Si des détaillants ont manqué de granules l'hiver dernier, c'est parce que les consommateurs de la Nouvelle-Angleterre se sont rués sur les poêles à granules en prévision de la saison froide. La production québécoise a donc été plus rapidement écoulée et les détaillants qui n'avaient pas acheté suffisamment de granules ont eu du mal à se réapprovisionner.

Des granules, le Québec pourrait en consommer beaucoup plus, ce qui soulagerait le réseau d'Hydro-Québec soumis à un stress énorme pendant les grands froids de janvier.

Le principal frein à l'essor des sources alternatives de chauffage, les granules comme les autres, ce sont les tarifs d'électricité trop bas, selon John Arsenault.

À l'autre bout du Québec, à Saint-Félicien au Lac-Saint-Jean, Ken St-Gelais est d'accord avec lui. «La Norvège consomme 1 million de tonnes de granules par année contre 50 000 tonnes au Québec, pour une population équivalente», illustre le directeur financier de Granules LG.

Contrairement à Énergex, qui exporte la plus grande partie de sa production en Nouvelle-Angleterre, Granules LG exporte très peu. «On a déjà exporté en Europe, mais il est venu un temps où on ne pouvait plus fournir à la demande du marché d'ici. On a fait le choix de desservir le marché québécois en priorité», dit Ken St-Gelais.

Le marché des granules pour le chauffage résidentiel a démarré au début des années 90, avec la mise en marché de nouveaux équipements résidentiels pour brûler les résidus de bois.
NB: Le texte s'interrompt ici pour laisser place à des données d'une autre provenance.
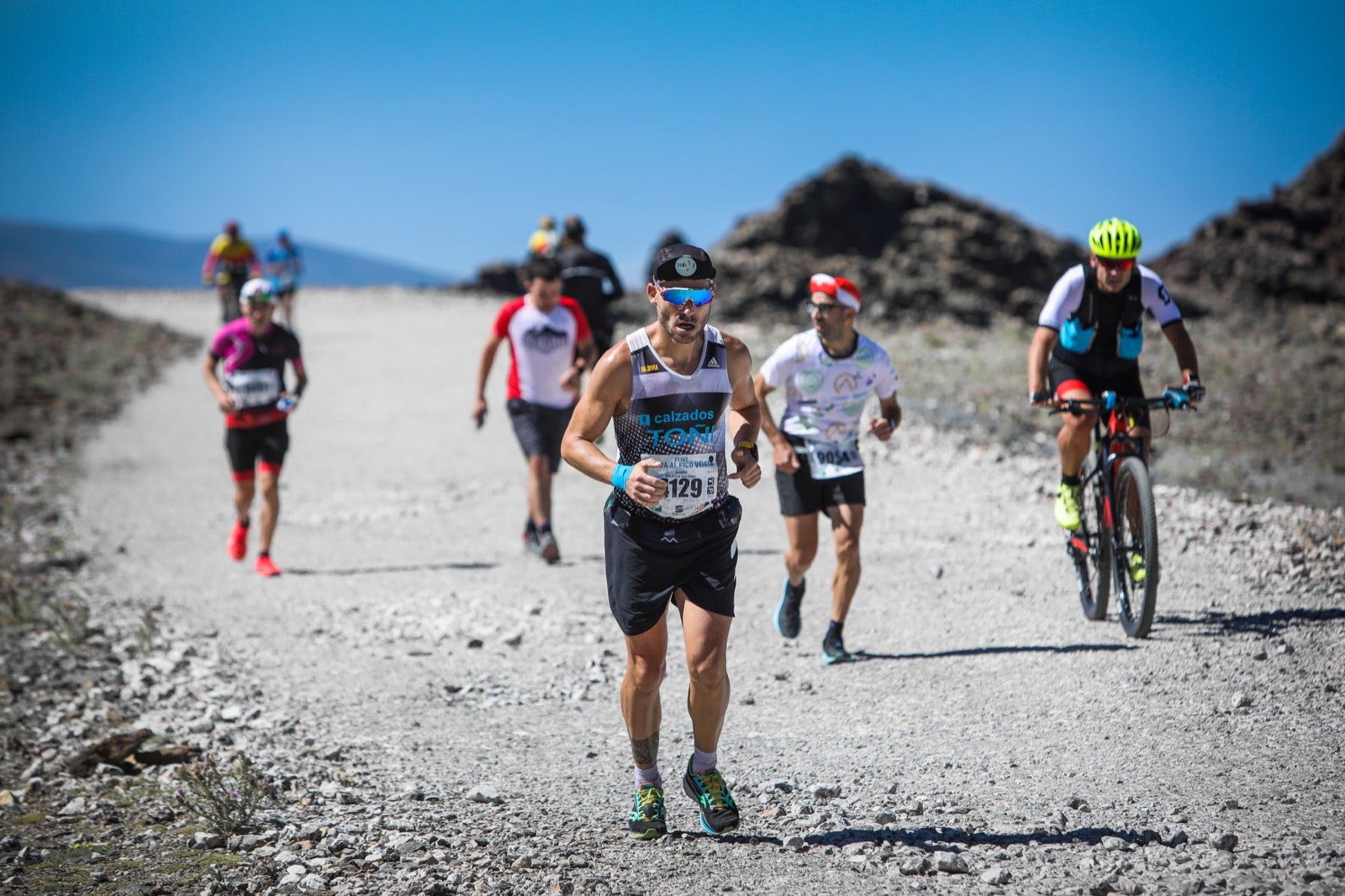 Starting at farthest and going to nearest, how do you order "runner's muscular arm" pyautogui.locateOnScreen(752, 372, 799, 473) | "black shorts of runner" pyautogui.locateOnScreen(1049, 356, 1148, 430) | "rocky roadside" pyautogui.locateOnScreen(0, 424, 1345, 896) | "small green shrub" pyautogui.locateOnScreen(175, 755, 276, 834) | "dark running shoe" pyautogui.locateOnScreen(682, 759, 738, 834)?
"black shorts of runner" pyautogui.locateOnScreen(1049, 356, 1148, 430) < "runner's muscular arm" pyautogui.locateOnScreen(752, 372, 799, 473) < "small green shrub" pyautogui.locateOnScreen(175, 755, 276, 834) < "dark running shoe" pyautogui.locateOnScreen(682, 759, 738, 834) < "rocky roadside" pyautogui.locateOnScreen(0, 424, 1345, 896)

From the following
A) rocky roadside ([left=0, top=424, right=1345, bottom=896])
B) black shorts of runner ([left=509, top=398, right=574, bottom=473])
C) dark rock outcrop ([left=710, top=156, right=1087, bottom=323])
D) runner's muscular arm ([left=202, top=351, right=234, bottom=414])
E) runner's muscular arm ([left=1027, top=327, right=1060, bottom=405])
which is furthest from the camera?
dark rock outcrop ([left=710, top=156, right=1087, bottom=323])

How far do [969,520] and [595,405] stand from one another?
283 inches

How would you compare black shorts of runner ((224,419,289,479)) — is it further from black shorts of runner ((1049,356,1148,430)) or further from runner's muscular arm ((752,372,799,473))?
black shorts of runner ((1049,356,1148,430))

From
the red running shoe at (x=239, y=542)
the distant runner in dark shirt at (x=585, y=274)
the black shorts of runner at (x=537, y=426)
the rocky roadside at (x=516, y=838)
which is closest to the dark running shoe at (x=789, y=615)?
the rocky roadside at (x=516, y=838)

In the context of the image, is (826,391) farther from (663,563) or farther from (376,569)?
(376,569)

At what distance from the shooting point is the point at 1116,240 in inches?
276

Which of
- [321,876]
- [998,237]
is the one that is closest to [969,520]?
[321,876]

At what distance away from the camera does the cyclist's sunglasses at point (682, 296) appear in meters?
4.53

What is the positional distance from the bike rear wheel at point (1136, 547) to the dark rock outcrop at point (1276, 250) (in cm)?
3320

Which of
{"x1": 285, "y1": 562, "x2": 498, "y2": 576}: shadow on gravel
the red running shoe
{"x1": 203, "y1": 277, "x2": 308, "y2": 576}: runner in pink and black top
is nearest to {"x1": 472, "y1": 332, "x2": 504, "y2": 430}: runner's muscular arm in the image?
{"x1": 285, "y1": 562, "x2": 498, "y2": 576}: shadow on gravel

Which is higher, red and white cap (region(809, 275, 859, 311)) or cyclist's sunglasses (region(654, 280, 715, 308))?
red and white cap (region(809, 275, 859, 311))

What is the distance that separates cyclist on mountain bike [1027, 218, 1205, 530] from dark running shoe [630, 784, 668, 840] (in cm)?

Il a ensuite été alimenté par la hausse des prix de l'énergie. «En Italie, en 2001, il n'y avait aucun poêle à granules, souligne Ken St-Gelais. En 2007, il y en avait 1 million.»

Le marché des granules est étroitement lié aux prix de l'énergie, notamment ceux du mazout et du gaz naturel, les deux principales sources d'énergie utilisées pour le chauffage partout dans le monde, à l'exception du Québec où 75% des maisons sont chauffées à l'électricité.

Au Québec, malgré le prix relativement bas de l'électricité, les granules seront de plus en plus utilisées en tant que chauffage d'appoint, croit Ken St-Gelais. «C'est un combustible vert, qui n'émet pas de gaz à effet de serre et qui est très efficace.»

Les villes qui, comme Montréal, ont interdit les poêles à bois, ont donné sans le vouloir un bon coup de pouce à l'industrie de la granule, reconnaît-il.

John Arsenault, lui, croit que le gouvernement pourrait faire beaucoup plus pour favoriser l'utilisation de la biomasse. La centrale d'appoint d'Hydro-Québec à Sorel-Tracy pourrait être alimentée aux granules plutôt qu'au mazout, suggère-t-il. Les résidants des Îles-de-la-Madeleine, qui sont desservis par une centrale au mazout, amélioreraient aussi leur environnement en utilisant les granules.

Énergie renouvelable

Les granules ne servent pas uniquement à alimenter les poêles au sous-sol des maisons. En Europe, elles sont utilisées massivement et de plus en plus par les producteurs d'électricité. À cause des règles de l'Union européenne qui obligent les États membres à utiliser 20% d'énergie renouvelable dans la production d'électricité, plusieurs entreprises d'électricité ont redécouvert la granule, a rapporté récemment le Wall Street Journal.

La modeste granule est maintenant considérée comme une source d'énergie renouvelable moins coûteuse que les panneaux solaires et les éoliennes.

La seule limite à sa croissance, c'est la disponibilité de la matière première, le bran de scie et les résidus forestiers. Au Québec, où les scieries ont réduit leurs activités en raison de la récession américaine, les producteurs de granules ont dû chercher d'autres sources d'approvisionnement.

Énergex utilise des copeaux, ce qui est plus coûteux, et Granules LG a investi pour pouvoir récupérer le bois brûlé et l'utiliser dans la fabrication de granules.